9. SHLAIM, Avi. A muralha de ferro: Israel e o mundo árabe. Rio de Janeiro: Editora Fissus, 2004. Outra obra histórica escrita por um ex-veterano judeu da guerra dos Seis Dias de 1967, fartamente documentada cujo propósito é demolir os mitos fundadores de Israel. Dessa vez, o alvo da desconstrução é David Ben-Gurion, tido como o pai fundador de Israel, e o movimento trabalhista israelense, do qual ele foi a principal líderança. Shlaim afirma que os trabalhistas israelenses, sob a liderança carismática de Ben-Gurion, considerados como a esquerda do movimento sionista, adotaram, sem muito alarde, as teses expansionistas e militaristas do movimento ultra-direitista filo-fascista do Revisionismo maximalista sionista elaborado pelo Vladimir Jabotinsky, expressa na sua doutrina da "Muralha de Ferro", ou seja, a necessidade de se erguer uma muralha de ferro de força militar judaica inexpugnável contra os árabes. A partir daí, o autor faz um apanhado histórico de todas as guerras dos sionistas e de Israel desde o final do século XIX até a Segunda Intifada, no início do século XXI, usando como fontes documentos oficiais do governo israelense e entrevistas com altas autoridades de Israel e do mundo árabe. O resultado é um rico painel do militarismo israelense e de sua agressividade permanente compartilhada indistintamente pela direita e pela dita “esquerda” sionistas.

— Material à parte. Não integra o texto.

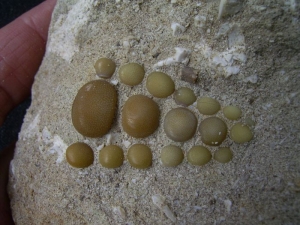 Pycnodus pellei Kiefer #3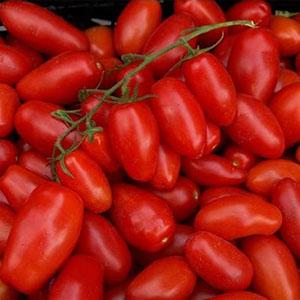 Pourquoi les tomates cerises sont si bonnes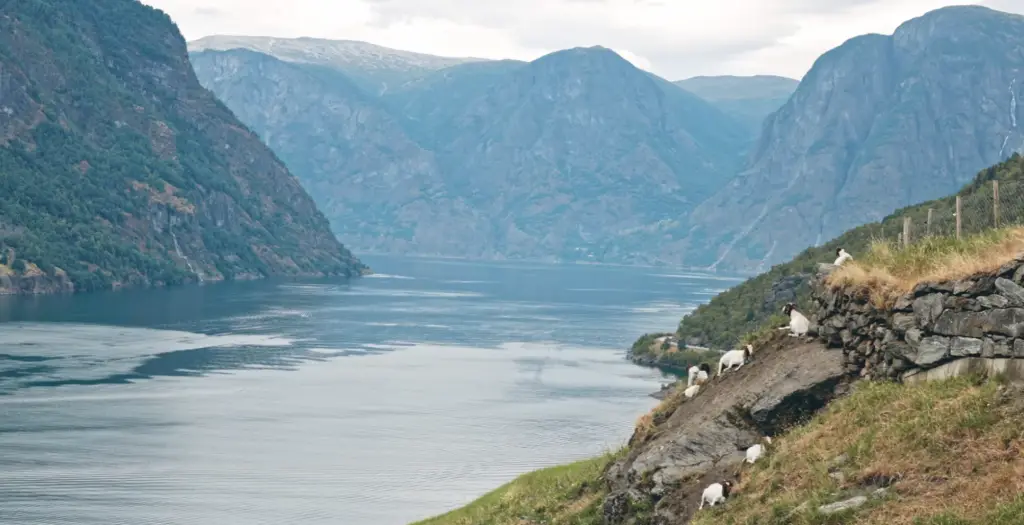 Voyager en Norvège en toute liberté : l'autotour signé Quartier Libre 6 Voyager en Norvège en toute liberté : l'autotour signé Quartier Libre - 5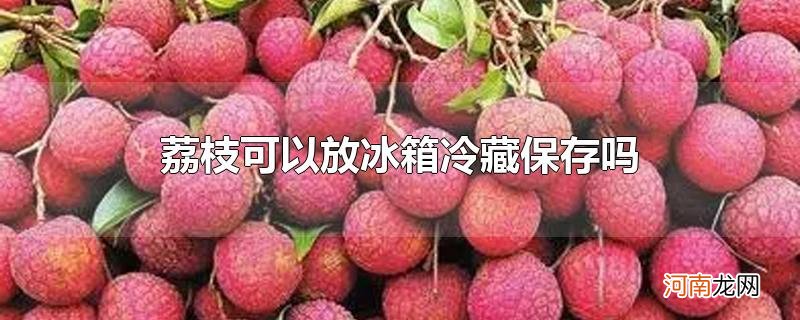 荔枝可以放冰箱冷藏保存吗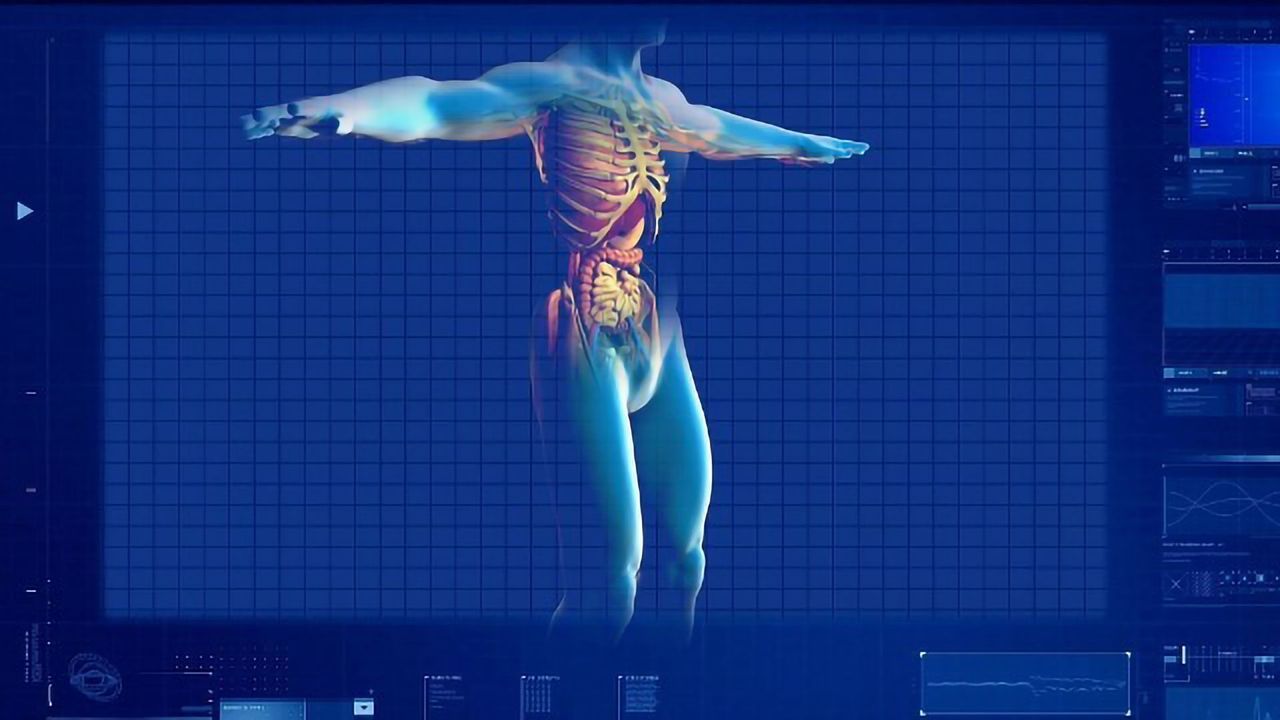 First Cell Map of Developing Human Liver Created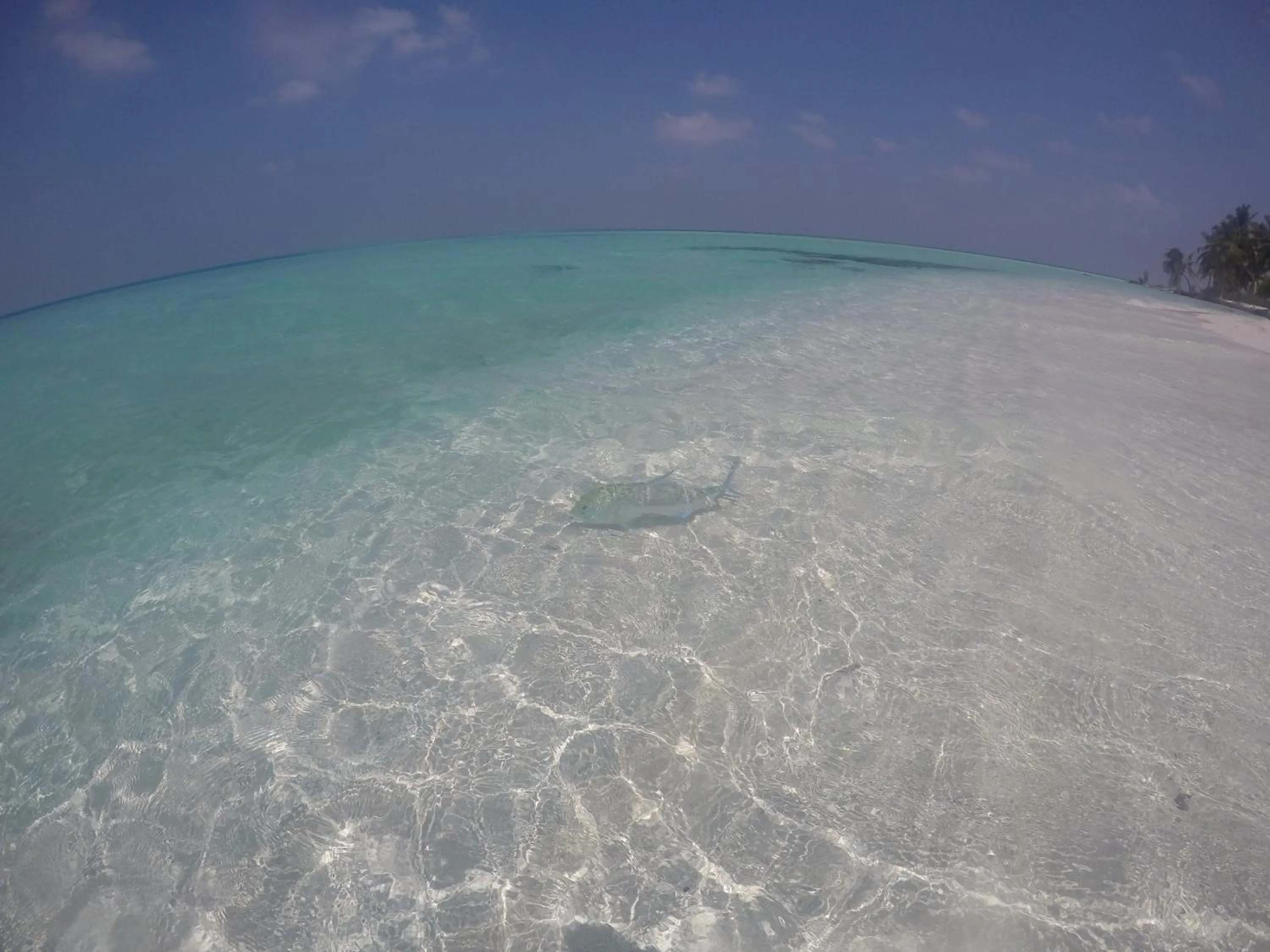 Fishing in Origami Inn Himandhoo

10. VENTTURI, Luis Antônio Bittar. A água no Oriente Médio: fluxo da paz. São Paulo: Sarandi, 2017. Raro trabalho de hidropolítica, é resultado da pesquisa do geógrafo e professor da USP Luís Bittar Ventturi realizada na Síria. O autor nos mostra como a água é um fator que pode levar tanto à guerra, por ser um recurso muito escasso numa região muito povoada, quanto à paz, caso a administração desse recurso seja compartilhada de forma responsável pelos governos locais. Há muitos dados estatísticos que embasam essa pesquisa fartamente documentada. Esses dados ajudam, e muito, a desqualificar os discursos e os mitos, tanto da direita quanto da dita “esquerda”, forjados no Ocidente, sobre o mundo árabe e as suas “cruéis e sanguinárias ditaduras”.